For years politicians and pundits have forecast a deficit of American STEM workers and have poured money and resources into averting the shortage. But is there really a looming labor crisis?

On October 5, 1957, New York Times readers faced a stark headline over their morning coffee: “Soviet Fires Earth Satellite into Space; It Is Circling the Globe at 18,000 M.P.H.; Sphere Tracked in 4 Crossings over U.S.” Sputnik 1 was in orbit, and the Space Age had officially begun.

It was an important scientific milestone, even though the 184-pound satellite only carried a radio transmitter. Just as significant, the Soviet Union had beaten the United States into space. Since World War II prominent government officials and educators had warned that America’s economic status and national security could erode if the nation did not produce enough scientists and engineers. Now those predictions appeared to be coming true.

“According to my scientific friends, one of our greatest and most glaring deficiencies is the failure of us in this country to give high enough priority to scientific education and to the place of science in our national life,” President Dwight D. Eisenhower said in a national address on November 7. A week later Eisenhower asserted, “We need scientists in the 10 years ahead . . . thousands more than we are planning to have.” To produce them Eisenhower called for national testing in high schools, incentives to draw promising students into scientific and professional fields, and initiatives to improve math and science teaching.

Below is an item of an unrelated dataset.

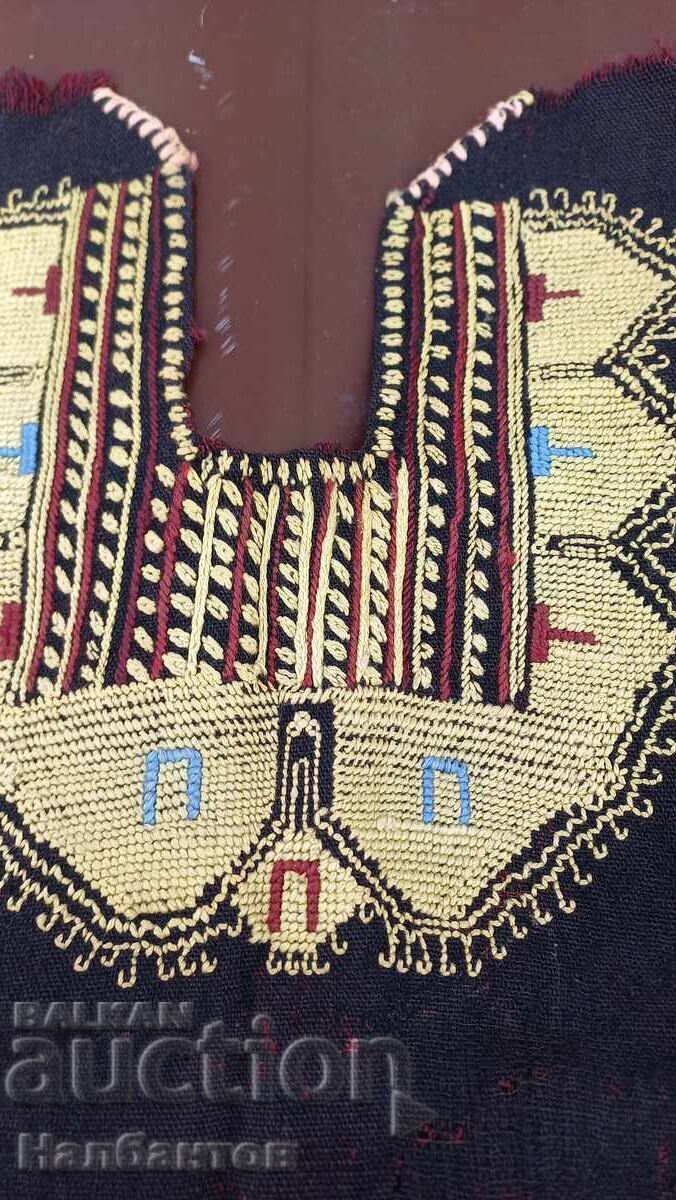 THRONE CALL EMBROIDERED BY NOSIA with price 200.00 BGN | € 102.26 THRONE CALL EMBROIDERED BY NOSIA with price 200.00 BGN | € 102.26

Today experts are warning again of a looming shortage of workers with science, technology, engineering, and math (STEM) degrees. According to a 2012 report by the President’s Council of Advisors on Science and Technology, every year the United States produces about 300,000 graduates with bachelor’s and associate’s degrees in STEM fields. To remain a world leader in science and technology, the report states, the country needs to boost that number by one third over the next decade—generating an additional 1 million STEM graduates. But is there really a shortage of science and technology graduates in the United States?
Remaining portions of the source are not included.